Ross Licitra, chief law enforcement officer for the Monmouth County Society for the Prevention of Cruelty to Animals, told the paper that it was “the worst hoarding case” in Monmouth County’s history.
There were so many animals that they had become one with the house itself, with dogs found on book shelves, atop jury-rigged platforms and even inside the walls of the home, according to the Asbury Park Press.
“The conditions of the house are deplorable,” Licitra told the paper. “We actually have dogs in there that are giving birth at the moment. As we speak, we’re bringing out newborn puppies that are only just minutes old.”
The home’s owners — identified by the paper as Joseph and Charlene Hendricks — were described as cooperative. They told investigators that they originally had eight dogs but that three years and lots of reproduction later, the number had skyrocketed.
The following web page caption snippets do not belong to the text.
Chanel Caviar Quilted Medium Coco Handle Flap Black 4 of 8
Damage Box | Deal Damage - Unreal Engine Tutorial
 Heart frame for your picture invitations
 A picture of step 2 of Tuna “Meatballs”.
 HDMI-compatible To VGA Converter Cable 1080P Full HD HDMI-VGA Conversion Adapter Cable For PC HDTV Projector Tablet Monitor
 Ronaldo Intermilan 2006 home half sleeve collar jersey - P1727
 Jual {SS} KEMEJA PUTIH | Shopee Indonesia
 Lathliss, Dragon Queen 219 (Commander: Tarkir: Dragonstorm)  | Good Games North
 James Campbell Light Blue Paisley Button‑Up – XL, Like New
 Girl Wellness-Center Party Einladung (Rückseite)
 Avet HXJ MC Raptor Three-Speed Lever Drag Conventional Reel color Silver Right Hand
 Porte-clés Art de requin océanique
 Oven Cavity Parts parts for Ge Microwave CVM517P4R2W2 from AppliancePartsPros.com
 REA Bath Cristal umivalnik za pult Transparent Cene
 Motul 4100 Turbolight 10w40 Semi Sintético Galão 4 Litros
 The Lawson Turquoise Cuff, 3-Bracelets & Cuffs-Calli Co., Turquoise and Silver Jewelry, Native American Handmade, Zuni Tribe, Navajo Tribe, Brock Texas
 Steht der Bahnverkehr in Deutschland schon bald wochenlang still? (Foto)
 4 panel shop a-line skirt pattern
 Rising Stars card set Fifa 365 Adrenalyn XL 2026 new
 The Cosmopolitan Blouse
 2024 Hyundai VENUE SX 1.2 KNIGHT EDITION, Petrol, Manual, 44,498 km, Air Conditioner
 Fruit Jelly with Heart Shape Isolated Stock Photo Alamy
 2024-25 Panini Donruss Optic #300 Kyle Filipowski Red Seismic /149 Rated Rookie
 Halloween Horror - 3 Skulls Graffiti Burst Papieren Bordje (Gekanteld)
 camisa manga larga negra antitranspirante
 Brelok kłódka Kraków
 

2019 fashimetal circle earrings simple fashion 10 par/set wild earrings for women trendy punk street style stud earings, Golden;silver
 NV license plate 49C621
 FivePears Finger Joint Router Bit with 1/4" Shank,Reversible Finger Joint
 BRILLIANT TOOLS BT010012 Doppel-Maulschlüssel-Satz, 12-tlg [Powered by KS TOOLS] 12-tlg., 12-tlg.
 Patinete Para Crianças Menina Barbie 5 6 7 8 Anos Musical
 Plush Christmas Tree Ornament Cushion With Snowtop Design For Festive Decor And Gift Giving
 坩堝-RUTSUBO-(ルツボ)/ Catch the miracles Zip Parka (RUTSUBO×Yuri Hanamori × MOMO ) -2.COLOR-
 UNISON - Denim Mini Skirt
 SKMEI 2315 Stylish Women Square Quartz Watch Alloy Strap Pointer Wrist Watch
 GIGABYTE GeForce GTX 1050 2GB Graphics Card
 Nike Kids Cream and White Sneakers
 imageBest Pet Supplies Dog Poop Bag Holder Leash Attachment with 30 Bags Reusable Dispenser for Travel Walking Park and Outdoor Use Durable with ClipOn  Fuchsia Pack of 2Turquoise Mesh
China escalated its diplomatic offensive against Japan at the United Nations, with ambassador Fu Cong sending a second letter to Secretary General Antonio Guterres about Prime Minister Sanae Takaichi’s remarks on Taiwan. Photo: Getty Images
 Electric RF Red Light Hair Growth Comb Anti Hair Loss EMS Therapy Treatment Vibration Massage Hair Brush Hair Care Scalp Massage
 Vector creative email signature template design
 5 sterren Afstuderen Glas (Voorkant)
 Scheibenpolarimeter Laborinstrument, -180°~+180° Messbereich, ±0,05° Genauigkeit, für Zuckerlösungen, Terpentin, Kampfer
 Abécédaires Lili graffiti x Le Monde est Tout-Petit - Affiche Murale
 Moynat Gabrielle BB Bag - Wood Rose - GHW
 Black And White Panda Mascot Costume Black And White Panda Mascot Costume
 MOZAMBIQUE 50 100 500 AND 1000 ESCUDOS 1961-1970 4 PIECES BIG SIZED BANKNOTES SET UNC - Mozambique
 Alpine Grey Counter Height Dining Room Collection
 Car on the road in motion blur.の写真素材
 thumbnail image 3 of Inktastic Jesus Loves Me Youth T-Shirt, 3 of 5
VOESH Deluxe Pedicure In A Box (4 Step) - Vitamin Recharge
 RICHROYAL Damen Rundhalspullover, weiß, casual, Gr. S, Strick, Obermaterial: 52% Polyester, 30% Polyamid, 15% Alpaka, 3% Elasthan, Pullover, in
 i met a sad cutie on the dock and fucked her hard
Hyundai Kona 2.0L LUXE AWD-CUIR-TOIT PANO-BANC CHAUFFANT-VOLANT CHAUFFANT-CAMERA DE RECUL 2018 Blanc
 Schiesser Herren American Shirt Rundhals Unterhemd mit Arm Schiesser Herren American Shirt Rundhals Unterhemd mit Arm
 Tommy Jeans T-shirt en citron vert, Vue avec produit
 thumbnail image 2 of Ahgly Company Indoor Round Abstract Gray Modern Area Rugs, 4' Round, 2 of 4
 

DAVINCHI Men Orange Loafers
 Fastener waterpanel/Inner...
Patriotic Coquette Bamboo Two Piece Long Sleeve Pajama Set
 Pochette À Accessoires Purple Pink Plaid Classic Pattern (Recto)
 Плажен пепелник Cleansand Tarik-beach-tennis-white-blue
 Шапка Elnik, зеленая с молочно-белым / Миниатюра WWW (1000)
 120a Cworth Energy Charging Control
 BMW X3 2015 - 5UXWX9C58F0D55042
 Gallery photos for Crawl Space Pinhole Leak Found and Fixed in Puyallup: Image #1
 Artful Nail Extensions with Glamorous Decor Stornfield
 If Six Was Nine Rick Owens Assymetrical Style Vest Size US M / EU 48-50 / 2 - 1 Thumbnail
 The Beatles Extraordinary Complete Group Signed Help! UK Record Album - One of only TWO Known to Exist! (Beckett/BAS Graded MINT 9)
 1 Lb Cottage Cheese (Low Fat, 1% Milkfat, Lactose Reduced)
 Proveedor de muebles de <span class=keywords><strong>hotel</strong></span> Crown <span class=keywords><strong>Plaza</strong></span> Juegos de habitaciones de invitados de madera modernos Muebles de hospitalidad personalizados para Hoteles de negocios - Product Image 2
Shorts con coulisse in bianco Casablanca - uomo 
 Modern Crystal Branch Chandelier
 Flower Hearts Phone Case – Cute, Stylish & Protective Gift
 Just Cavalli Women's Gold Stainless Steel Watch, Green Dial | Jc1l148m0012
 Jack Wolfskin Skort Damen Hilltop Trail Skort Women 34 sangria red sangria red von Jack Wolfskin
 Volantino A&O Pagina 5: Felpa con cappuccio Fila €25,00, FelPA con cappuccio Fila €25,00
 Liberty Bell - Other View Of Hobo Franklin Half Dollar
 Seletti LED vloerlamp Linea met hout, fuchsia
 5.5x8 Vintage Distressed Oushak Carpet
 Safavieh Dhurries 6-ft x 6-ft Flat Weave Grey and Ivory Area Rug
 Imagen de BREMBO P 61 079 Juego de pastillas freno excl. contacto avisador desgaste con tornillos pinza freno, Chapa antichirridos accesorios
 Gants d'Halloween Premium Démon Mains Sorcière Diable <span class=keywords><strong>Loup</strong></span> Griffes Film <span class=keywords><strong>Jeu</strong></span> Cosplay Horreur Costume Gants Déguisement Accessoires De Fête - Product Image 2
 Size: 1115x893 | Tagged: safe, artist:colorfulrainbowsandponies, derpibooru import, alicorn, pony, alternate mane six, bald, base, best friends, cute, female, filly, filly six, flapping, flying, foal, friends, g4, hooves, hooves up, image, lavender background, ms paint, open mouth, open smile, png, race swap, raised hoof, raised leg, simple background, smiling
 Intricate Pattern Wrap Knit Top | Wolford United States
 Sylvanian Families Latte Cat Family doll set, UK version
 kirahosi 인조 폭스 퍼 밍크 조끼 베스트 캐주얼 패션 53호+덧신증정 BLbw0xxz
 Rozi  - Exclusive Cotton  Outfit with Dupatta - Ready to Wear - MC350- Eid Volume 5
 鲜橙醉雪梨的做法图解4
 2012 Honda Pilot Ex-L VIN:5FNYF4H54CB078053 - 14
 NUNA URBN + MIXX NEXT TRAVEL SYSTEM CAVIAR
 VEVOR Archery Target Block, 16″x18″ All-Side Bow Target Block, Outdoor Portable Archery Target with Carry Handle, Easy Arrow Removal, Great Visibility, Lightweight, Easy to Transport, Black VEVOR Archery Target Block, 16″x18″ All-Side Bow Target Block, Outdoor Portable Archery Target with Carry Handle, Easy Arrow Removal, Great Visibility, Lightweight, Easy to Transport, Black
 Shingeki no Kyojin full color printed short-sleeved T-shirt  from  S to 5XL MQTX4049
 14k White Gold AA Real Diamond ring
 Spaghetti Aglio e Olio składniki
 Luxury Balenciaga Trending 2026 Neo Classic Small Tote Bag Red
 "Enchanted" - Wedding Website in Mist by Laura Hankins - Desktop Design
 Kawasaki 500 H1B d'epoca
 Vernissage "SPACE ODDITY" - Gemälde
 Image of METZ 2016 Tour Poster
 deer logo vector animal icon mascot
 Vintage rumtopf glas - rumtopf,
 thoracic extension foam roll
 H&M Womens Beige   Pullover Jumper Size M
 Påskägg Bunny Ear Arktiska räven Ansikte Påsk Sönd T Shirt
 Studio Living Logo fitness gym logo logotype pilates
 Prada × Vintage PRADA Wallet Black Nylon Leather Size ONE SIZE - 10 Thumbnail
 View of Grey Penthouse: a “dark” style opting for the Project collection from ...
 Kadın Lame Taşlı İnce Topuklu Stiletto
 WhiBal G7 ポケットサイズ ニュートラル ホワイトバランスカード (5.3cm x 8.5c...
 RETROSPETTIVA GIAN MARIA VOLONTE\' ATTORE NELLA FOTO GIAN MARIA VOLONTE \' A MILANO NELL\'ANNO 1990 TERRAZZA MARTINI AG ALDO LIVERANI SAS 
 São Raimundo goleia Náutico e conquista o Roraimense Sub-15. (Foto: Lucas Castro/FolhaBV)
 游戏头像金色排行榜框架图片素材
“They’re just not stopping it,” Licitra told the paper. “I think it’s just completely uncontrolled.”
The pair hasn’t been charged, but that could change depending on the condition of the dogs, which was initially described as “fair.”
Although no dead animals were found on the property, Licitra told NJ.com that possible charges could include failing to provide veterinary care and allowing animals to live in inhumane conditions.
None of the animals had been vaccinated, spayed or neutered, Licitra said, and their flea-infested fur was matted and their nails overgrown. He noted that the dogs were covered in their own excrement, which led to their paws being filthy.
The owners said that the animals ate 100 pounds of food a day, Licitra told NJ.com.
“We have to charge them,” he said. “We have to get the message out to people [that] we can’t allow this to happen.”
Kim Tamborra, office clerk at the Associated Humane Societies of New Jersey, in Tinton Falls, told NJ.com that the animals were neither house-broken nor socialized.
Suzanne DeGrande, a neighbor, told WNBC that she hadn’t seen Charlene Hendricks outside the house in five years.
“I would knock on her door and say: ‘Charlene, open the door. You have a dog loose.’And she would never open the door,” DeGrande said.
Authorities discovered the hoarding by chance, when an officer for the Associated Humane Societies knocked on the door trying to place a dog that was on the loose, NJ.com reported. After knocking on the door, the officer heard enough barking to estimate that the home might have 20 dogs.
Investigators returned to the home several times before finally making contact with the owners last week, NJ.com reported.
When they realized how many dogs were in the home, they were shocked.
“When you opened the door, there were at least 80 dogs staring at you — lined up on shelves like statues,” Licitra said.
WNBC reported: “One shelf was specially built near the ceiling of the living room, ‘like a hamster cage for dogs,’ according to Tierney Park, a Monmouth sheriff’s deputy. “They have steps that go up to the shelf, and there were dogs looking down and barking.”
After their dogs had been confiscated, according to the Asbury Park Press, the couple spoke to a reporter from the paper who approached them.
“Could you trim it down and not give us so much attention?” Joseph Hendricks said. “We’re not bad people.”
Noting that he was “exhausted” and “can’t even think,” Hendricks declined to explain how the hoarding had unfolded.
“It’s more than you think,” he said.